The demand for goods and services that was tamped down by the pandemic has exploded, driving up the cost of everything from haircuts, to housing, from steel to silicon chips. Shipping and transportation prices are impacting virtually industry. The domestic inflation rate topped 8 percent in the first quarter. The effect has reached venture capital.

Even though 2021 was a record year for venture investment, with venture funding nearly doubling from 2020 to 2021 and a reported 607 active unicorns in the U.S. (with 75 of those debuting since the first of the year), the winds have shifted. Global venture capital is still up year-over-year, however, first-quarter VC funding fell 13 percent from the fourth quarter of 2021.

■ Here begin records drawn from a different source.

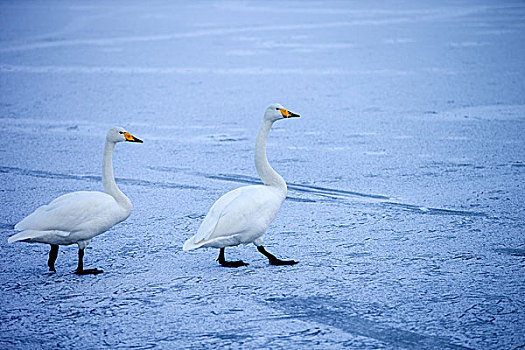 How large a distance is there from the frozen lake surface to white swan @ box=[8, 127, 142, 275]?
0.80 ft

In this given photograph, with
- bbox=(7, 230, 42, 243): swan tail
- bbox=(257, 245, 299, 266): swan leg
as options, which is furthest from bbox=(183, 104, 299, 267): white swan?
bbox=(7, 230, 42, 243): swan tail

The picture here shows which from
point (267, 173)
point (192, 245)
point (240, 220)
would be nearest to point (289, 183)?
point (267, 173)

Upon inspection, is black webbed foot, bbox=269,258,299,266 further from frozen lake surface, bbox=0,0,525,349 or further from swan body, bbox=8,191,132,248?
swan body, bbox=8,191,132,248

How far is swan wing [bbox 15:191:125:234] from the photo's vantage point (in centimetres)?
470

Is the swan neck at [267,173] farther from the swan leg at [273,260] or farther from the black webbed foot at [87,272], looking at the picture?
the black webbed foot at [87,272]

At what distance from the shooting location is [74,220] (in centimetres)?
473

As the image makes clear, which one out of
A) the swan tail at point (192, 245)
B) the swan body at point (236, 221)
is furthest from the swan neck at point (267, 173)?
the swan tail at point (192, 245)

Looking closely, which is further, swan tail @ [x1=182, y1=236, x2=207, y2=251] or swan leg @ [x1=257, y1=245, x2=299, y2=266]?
swan leg @ [x1=257, y1=245, x2=299, y2=266]

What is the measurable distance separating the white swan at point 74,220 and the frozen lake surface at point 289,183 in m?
A: 0.24

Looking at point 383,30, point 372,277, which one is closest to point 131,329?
point 372,277

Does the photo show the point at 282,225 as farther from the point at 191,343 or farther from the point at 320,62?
the point at 320,62

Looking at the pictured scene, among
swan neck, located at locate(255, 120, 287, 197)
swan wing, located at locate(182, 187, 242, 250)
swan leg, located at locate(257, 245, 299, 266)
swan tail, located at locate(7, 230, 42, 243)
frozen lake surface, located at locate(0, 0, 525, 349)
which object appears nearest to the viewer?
frozen lake surface, located at locate(0, 0, 525, 349)

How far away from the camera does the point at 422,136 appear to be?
353 inches

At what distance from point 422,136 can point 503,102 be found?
2193mm
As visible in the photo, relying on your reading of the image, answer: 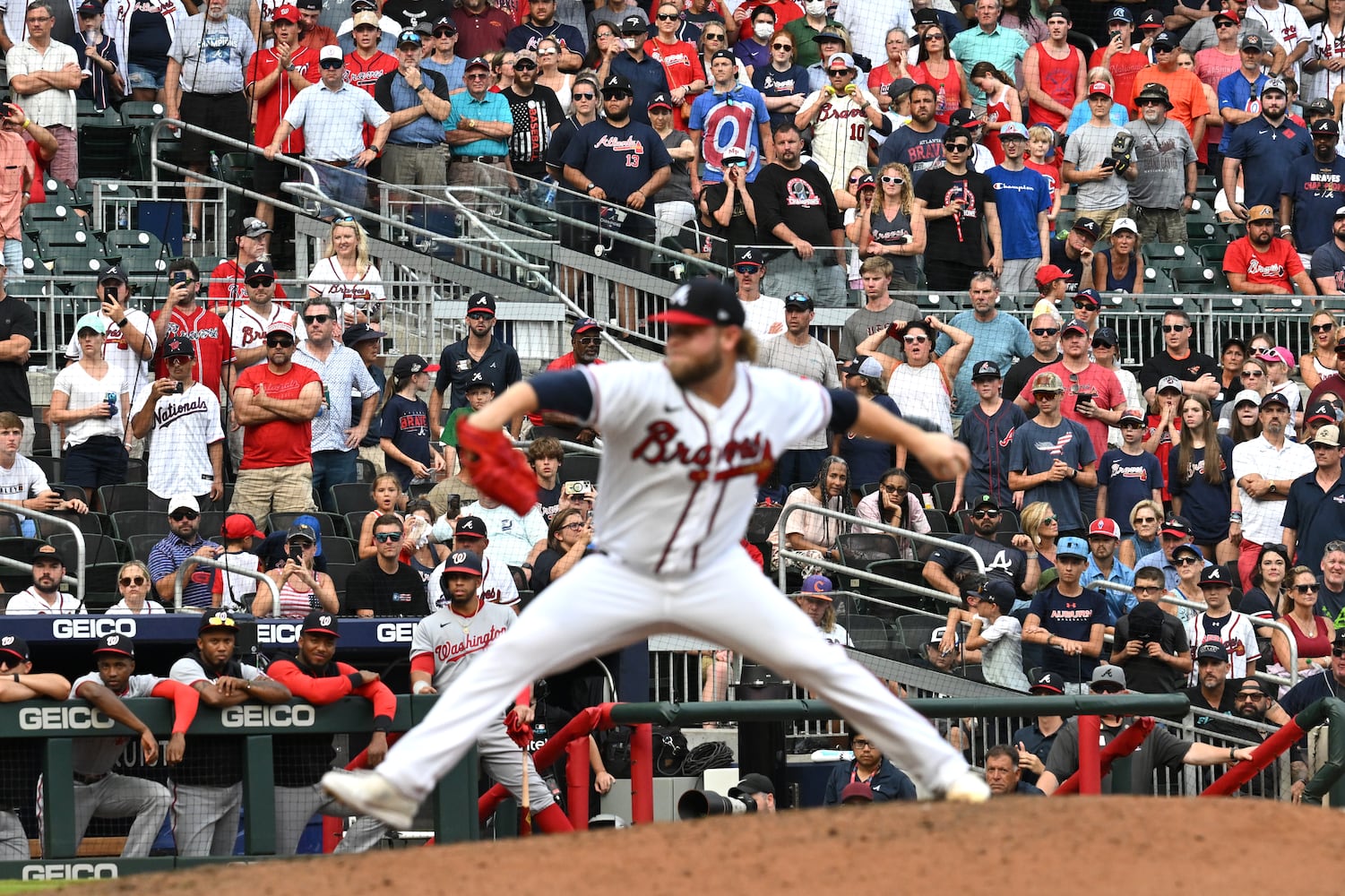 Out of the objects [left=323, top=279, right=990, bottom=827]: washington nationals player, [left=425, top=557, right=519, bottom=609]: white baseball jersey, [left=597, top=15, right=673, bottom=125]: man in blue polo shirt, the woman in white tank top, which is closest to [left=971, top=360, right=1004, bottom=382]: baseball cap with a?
the woman in white tank top

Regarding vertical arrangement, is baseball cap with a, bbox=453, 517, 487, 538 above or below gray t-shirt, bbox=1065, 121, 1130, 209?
below

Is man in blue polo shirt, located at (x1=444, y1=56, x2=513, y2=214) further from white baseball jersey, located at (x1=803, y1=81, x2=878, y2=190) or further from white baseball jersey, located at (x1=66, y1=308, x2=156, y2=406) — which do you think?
white baseball jersey, located at (x1=66, y1=308, x2=156, y2=406)

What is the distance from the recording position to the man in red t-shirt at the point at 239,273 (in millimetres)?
14281

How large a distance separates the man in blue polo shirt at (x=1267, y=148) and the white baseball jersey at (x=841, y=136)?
366 centimetres

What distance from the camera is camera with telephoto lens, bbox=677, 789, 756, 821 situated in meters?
9.18

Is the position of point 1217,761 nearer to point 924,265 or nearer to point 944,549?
point 944,549

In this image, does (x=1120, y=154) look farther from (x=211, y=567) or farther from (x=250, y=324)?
(x=211, y=567)

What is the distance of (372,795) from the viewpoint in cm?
649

It is time for entrepreneurs to recalibrate. Investors aren’t turning away from our asset class. It will take longer than it has to close rounds. Uncertainty in virtually every market makes investors nervous. Expect VCs to demand deeper due diligence at every stage. Previously “committed” investors might change their minds. Certain LLCs may move to the sidelines for a while. Crossover investors, such as hedge funds, may redirect toward stock “bargains.” Don’t expect a foam of IPOs in a market like this.

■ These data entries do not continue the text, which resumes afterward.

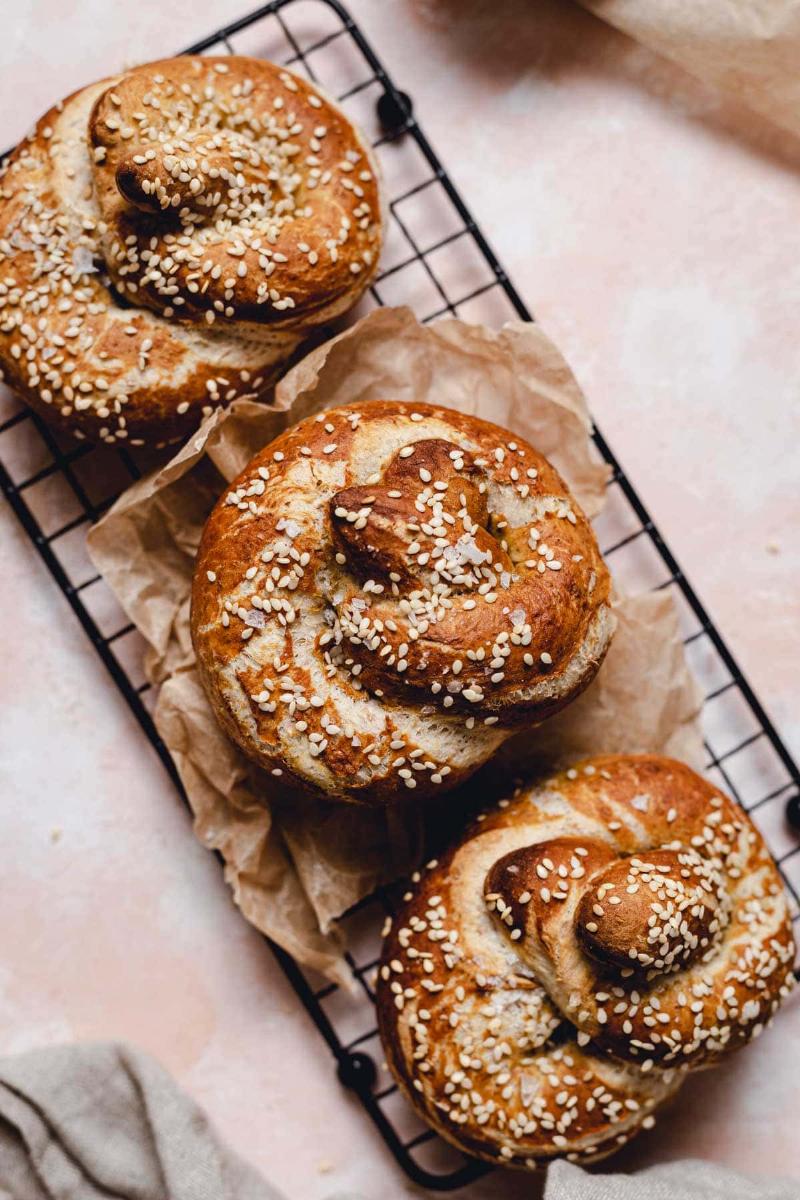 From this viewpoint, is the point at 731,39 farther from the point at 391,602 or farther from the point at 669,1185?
the point at 669,1185

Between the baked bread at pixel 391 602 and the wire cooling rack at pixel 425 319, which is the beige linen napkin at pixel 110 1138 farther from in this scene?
the baked bread at pixel 391 602

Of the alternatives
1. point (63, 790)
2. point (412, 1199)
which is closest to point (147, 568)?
point (63, 790)

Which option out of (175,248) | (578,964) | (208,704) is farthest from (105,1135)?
(175,248)

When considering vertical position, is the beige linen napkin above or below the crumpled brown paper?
below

It is more important than ever for young companies to preserve cash. Return to the basics. Hold fixed costs to an absolute minimum and treat variable costs like you are spending your own money, which you are. Delay capital purchases. Lease instead of buy. Renegotiate fees and terms with providers. The proliferation of Zoom over travel plus the shift to remote or hybrid work environments–a recent PwC study reports that nearly three-quarters of companies surveyed offer hybrid work schedules–are ideal tools for young companies to manage fixed and variable costs–in this economic environment, setting the base of financially sound practices that will serve the company for years.

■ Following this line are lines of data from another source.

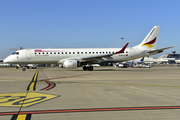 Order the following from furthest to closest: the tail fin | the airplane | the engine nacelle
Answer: the tail fin → the airplane → the engine nacelle

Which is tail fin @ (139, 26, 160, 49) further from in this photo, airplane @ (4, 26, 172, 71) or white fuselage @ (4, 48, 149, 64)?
white fuselage @ (4, 48, 149, 64)

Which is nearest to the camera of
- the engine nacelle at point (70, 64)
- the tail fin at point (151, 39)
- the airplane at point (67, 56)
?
the engine nacelle at point (70, 64)

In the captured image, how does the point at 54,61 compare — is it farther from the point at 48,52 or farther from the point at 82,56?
the point at 82,56

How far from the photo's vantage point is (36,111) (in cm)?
509

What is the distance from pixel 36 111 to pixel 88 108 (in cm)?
153

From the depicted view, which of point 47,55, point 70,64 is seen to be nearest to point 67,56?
point 70,64

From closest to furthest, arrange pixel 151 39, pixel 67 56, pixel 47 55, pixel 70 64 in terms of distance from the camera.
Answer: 1. pixel 70 64
2. pixel 47 55
3. pixel 67 56
4. pixel 151 39

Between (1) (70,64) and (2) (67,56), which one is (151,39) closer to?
(2) (67,56)

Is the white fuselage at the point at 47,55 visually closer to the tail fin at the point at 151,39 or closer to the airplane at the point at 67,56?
the airplane at the point at 67,56

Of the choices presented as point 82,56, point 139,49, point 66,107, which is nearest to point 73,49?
point 82,56

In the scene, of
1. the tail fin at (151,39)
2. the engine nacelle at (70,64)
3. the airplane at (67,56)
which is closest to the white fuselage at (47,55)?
the airplane at (67,56)

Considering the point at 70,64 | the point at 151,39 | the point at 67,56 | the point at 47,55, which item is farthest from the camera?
the point at 151,39

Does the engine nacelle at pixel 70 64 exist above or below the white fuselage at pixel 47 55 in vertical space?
below

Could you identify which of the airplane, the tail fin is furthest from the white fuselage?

Talent is a startup’s most crucial asset

We are coaching our portfolio companies that it is more important than ever to build out and execute their talent strategies earlier in the current competitive talent environment. Whether customers are happy or not,  whether industry sectors are boom or bust, or whether the market for talent is tipped toward the employer or employee, people are always a startup’s secret sauce.

A decade of workplace change has been compressed into a matter of months. Young companies don’t have decades of business practices to rework. Founders and startup hiring managers have a generational opportunity to develop new ideas that take clever advantage of the many ways that organizations and management practices have changed. They can start from the default of remote-first or hybrid work. They can look at the entire world as their source of talent. Geographic disadvantages (and advantages) are going away. Instead of overcoming cost-of-living or a shortage of engineers, startups can focus on building cultures that support cohesive and connected teams no matter where the employees work.

Generation Z is a talent powerhouse. Thanks to the recession and pandemic, these self-sufficient digital names are realistic and value financial security. Invest in technology to support online collaboration. Multiply the impact with a cadence of strategic in-person meetings. Generation Z is the most racially diverse generation yet. Aggressively recruit in underserved communities. Use internships to draw Gen Z into your talent pipeline while still in school. While making inroads with Gen Z, don’t ignore other cohorts. Scout non-traditional sources for talent–organizations that train people for a new field. In Columbus, we have a coding boot camp, Color Coded Labs, which finds, trains, and sets people of color up at companies ready to innovate at a grander scale.

Putting business school hypotheticals into action

 There is no way to learn about how inherently risky entrepreneurial businesses are until you become an entrepreneur. No matter how ideally a solution solves a big problem for a customer, market validation will call for pivots. Startups seldom complete product development ahead of plan in the most successful prototypes. It always takes longer to close a deal than any founder expects. Some can manage some risks; others are beyond our control. Savvy entrepreneurs anticipate and plan for both.